─── Dataset content ───

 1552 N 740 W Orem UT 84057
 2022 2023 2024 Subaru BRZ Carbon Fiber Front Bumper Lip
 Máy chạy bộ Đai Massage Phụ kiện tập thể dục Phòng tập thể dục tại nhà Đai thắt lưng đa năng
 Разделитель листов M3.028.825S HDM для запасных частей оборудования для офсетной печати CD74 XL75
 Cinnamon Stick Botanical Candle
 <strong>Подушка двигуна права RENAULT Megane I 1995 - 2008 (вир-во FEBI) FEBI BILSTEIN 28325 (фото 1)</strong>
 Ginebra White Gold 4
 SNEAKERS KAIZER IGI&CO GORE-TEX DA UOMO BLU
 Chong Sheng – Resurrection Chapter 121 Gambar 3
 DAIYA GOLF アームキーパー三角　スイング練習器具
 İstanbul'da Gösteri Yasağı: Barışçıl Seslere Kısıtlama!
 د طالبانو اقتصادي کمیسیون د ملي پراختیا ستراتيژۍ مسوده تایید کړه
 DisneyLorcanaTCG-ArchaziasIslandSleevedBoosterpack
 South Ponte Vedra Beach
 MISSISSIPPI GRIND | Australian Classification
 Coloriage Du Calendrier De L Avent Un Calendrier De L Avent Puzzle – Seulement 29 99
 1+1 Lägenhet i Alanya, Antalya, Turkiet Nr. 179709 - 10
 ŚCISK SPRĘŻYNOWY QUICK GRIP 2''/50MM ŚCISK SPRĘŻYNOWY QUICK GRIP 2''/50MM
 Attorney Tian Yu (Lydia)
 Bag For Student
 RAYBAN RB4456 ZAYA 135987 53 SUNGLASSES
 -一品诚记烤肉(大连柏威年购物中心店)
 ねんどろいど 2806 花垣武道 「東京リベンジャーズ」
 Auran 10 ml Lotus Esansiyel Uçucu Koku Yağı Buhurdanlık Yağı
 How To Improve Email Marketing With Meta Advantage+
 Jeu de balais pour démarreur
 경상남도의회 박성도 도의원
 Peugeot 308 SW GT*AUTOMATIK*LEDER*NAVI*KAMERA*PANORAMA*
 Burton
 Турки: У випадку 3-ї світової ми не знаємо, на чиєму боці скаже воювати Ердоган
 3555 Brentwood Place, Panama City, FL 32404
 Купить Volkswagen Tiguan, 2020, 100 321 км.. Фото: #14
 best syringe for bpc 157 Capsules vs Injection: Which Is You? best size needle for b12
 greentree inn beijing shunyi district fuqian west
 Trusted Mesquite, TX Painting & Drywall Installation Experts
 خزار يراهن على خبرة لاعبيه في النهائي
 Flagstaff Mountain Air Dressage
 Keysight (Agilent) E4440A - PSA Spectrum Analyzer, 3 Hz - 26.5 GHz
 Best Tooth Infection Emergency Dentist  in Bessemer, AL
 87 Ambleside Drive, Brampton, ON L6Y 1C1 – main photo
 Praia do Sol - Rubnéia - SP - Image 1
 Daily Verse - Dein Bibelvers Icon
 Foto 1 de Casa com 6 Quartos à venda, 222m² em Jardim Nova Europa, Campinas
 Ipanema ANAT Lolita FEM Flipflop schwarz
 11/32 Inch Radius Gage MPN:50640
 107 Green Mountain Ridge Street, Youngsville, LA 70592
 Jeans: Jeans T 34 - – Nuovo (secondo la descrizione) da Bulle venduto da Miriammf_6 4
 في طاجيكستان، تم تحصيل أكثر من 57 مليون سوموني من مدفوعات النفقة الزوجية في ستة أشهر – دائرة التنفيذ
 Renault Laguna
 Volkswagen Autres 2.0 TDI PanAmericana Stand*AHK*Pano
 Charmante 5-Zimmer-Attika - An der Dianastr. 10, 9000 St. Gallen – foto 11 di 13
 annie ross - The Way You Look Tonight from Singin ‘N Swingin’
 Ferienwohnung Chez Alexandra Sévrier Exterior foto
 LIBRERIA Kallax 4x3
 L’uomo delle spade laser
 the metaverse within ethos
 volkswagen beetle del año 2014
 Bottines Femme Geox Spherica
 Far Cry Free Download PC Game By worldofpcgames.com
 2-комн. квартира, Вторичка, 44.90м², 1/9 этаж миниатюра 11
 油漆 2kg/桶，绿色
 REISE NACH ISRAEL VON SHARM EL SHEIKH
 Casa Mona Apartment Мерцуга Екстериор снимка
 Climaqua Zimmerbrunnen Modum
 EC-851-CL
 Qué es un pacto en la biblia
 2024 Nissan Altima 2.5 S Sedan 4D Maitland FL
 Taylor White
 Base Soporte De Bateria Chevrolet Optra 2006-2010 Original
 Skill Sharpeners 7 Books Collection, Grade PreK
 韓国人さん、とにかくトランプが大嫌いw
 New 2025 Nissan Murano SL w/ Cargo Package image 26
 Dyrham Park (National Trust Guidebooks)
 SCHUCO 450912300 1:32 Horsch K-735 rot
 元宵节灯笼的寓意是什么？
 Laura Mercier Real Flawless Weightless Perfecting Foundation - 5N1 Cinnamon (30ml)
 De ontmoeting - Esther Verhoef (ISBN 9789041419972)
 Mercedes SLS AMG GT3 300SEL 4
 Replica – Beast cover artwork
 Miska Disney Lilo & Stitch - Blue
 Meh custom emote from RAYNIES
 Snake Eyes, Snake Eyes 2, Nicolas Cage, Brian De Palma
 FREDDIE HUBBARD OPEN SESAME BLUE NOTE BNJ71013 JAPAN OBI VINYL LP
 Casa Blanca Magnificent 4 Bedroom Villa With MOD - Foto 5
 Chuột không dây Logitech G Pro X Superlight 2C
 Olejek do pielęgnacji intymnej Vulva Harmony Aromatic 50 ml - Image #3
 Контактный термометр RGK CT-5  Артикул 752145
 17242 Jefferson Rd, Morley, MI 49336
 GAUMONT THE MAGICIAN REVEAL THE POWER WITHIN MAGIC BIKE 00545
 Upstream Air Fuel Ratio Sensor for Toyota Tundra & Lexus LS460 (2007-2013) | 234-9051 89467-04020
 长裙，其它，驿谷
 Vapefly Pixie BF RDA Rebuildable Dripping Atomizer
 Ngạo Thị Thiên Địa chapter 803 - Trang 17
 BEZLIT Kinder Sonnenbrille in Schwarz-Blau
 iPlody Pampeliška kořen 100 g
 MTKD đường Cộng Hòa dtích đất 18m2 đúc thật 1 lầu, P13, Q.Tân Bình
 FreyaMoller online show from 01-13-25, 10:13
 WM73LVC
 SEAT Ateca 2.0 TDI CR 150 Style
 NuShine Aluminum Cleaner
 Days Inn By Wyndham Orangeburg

───

Action item: Transcribe the listing above verbatim, leaving every line whole.

Exercise result:
 1552 N 740 W Orem UT 84057
 2022 2023 2024 Subaru BRZ Carbon Fiber Front Bumper Lip
 Máy chạy bộ Đai Massage Phụ kiện tập thể dục Phòng tập thể dục tại nhà Đai thắt lưng đa năng
 Разделитель листов M3.028.825S HDM для запасных частей оборудования для офсетной печати CD74 XL75
 Cinnamon Stick Botanical Candle
 <strong>Подушка двигуна права RENAULT Megane I 1995 - 2008 (вир-во FEBI) FEBI BILSTEIN 28325 (фото 1)</strong>
 Ginebra White Gold 4
 SNEAKERS KAIZER IGI&CO GORE-TEX DA UOMO BLU
 Chong Sheng – Resurrection Chapter 121 Gambar 3
 DAIYA GOLF アームキーパー三角　スイング練習器具
 İstanbul'da Gösteri Yasağı: Barışçıl Seslere Kısıtlama!
 د طالبانو اقتصادي کمیسیون د ملي پراختیا ستراتيژۍ مسوده تایید کړه
 DisneyLorcanaTCG-ArchaziasIslandSleevedBoosterpack
 South Ponte Vedra Beach
 MISSISSIPPI GRIND | Australian Classification
 Coloriage Du Calendrier De L Avent Un Calendrier De L Avent Puzzle – Seulement 29 99
 1+1 Lägenhet i Alanya, Antalya, Turkiet Nr. 179709 - 10
 ŚCISK SPRĘŻYNOWY QUICK GRIP 2''/50MM ŚCISK SPRĘŻYNOWY QUICK GRIP 2''/50MM
 Attorney Tian Yu (Lydia)
 Bag For Student
 RAYBAN RB4456 ZAYA 135987 53 SUNGLASSES
 -一品诚记烤肉(大连柏威年购物中心店)
 ねんどろいど 2806 花垣武道 「東京リベンジャーズ」
 Auran 10 ml Lotus Esansiyel Uçucu Koku Yağı Buhurdanlık Yağı
 How To Improve Email Marketing With Meta Advantage+
 Jeu de balais pour démarreur
 경상남도의회 박성도 도의원
 Peugeot 308 SW GT*AUTOMATIK*LEDER*NAVI*KAMERA*PANORAMA*
 Burton
 Турки: У випадку 3-ї світової ми не знаємо, на чиєму боці скаже воювати Ердоган
 3555 Brentwood Place, Panama City, FL 32404
 Купить Volkswagen Tiguan, 2020, 100 321 км.. Фото: #14
 best syringe for bpc 157 Capsules vs Injection: Which Is You? best size needle for b12
 greentree inn beijing shunyi district fuqian west
 Trusted Mesquite, TX Painting & Drywall Installation Experts
 خزار يراهن على خبرة لاعبيه في النهائي
 Flagstaff Mountain Air Dressage
 Keysight (Agilent) E4440A - PSA Spectrum Analyzer, 3 Hz - 26.5 GHz
 Best Tooth Infection Emergency Dentist  in Bessemer, AL
 87 Ambleside Drive, Brampton, ON L6Y 1C1 – main photo
 Praia do Sol - Rubnéia - SP - Image 1
 Daily Verse - Dein Bibelvers Icon
 Foto 1 de Casa com 6 Quartos à venda, 222m² em Jardim Nova Europa, Campinas
 Ipanema ANAT Lolita FEM Flipflop schwarz
 11/32 Inch Radius Gage MPN:50640
 107 Green Mountain Ridge Street, Youngsville, LA 70592
 Jeans: Jeans T 34 - – Nuovo (secondo la descrizione) da Bulle venduto da Miriammf_6 4
 في طاجيكستان، تم تحصيل أكثر من 57 مليون سوموني من مدفوعات النفقة الزوجية في ستة أشهر – دائرة التنفيذ
 Renault Laguna
 Volkswagen Autres 2.0 TDI PanAmericana Stand*AHK*Pano
 Charmante 5-Zimmer-Attika - An der Dianastr. 10, 9000 St. Gallen – foto 11 di 13
 annie ross - The Way You Look Tonight from Singin ‘N Swingin’
 Ferienwohnung Chez Alexandra Sévrier Exterior foto
 LIBRERIA Kallax 4x3
 L’uomo delle spade laser
 the metaverse within ethos
 volkswagen beetle del año 2014
 Bottines Femme Geox Spherica
 Far Cry Free Download PC Game By worldofpcgames.com
 2-комн. квартира, Вторичка, 44.90м², 1/9 этаж миниатюра 11
 油漆 2kg/桶，绿色
 REISE NACH ISRAEL VON SHARM EL SHEIKH
 Casa Mona Apartment Мерцуга Екстериор снимка
 Climaqua Zimmerbrunnen Modum
 EC-851-CL
 Qué es un pacto en la biblia
 2024 Nissan Altima 2.5 S Sedan 4D Maitland FL
 Taylor White
 Base Soporte De Bateria Chevrolet Optra 2006-2010 Original
 Skill Sharpeners 7 Books Collection, Grade PreK
 韓国人さん、とにかくトランプが大嫌いw
 New 2025 Nissan Murano SL w/ Cargo Package image 26
 Dyrham Park (National Trust Guidebooks)
 SCHUCO 450912300 1:32 Horsch K-735 rot
 元宵节灯笼的寓意是什么？
 Laura Mercier Real Flawless Weightless Perfecting Foundation - 5N1 Cinnamon (30ml)
 De ontmoeting - Esther Verhoef (ISBN 9789041419972)
 Mercedes SLS AMG GT3 300SEL 4
 Replica – Beast cover artwork
 Miska Disney Lilo & Stitch - Blue
 Meh custom emote from RAYNIES
 Snake Eyes, Snake Eyes 2, Nicolas Cage, Brian De Palma
 FREDDIE HUBBARD OPEN SESAME BLUE NOTE BNJ71013 JAPAN OBI VINYL LP
 Casa Blanca Magnificent 4 Bedroom Villa With MOD - Foto 5
 Chuột không dây Logitech G Pro X Superlight 2C
 Olejek do pielęgnacji intymnej Vulva Harmony Aromatic 50 ml - Image #3
 Контактный термометр RGK CT-5  Артикул 752145
 17242 Jefferson Rd, Morley, MI 49336
 GAUMONT THE MAGICIAN REVEAL THE POWER WITHIN MAGIC BIKE 00545
 Upstream Air Fuel Ratio Sensor for Toyota Tundra & Lexus LS460 (2007-2013) | 234-9051 89467-04020
 长裙，其它，驿谷
 Vapefly Pixie BF RDA Rebuildable Dripping Atomizer
 Ngạo Thị Thiên Địa chapter 803 - Trang 17
 BEZLIT Kinder Sonnenbrille in Schwarz-Blau
 iPlody Pampeliška kořen 100 g
 MTKD đường Cộng Hòa dtích đất 18m2 đúc thật 1 lầu, P13, Q.Tân Bình
 FreyaMoller online show from 01-13-25, 10:13
 WM73LVC
 SEAT Ateca 2.0 TDI CR 150 Style
 NuShine Aluminum Cleaner
 Days Inn By Wyndham Orangeburg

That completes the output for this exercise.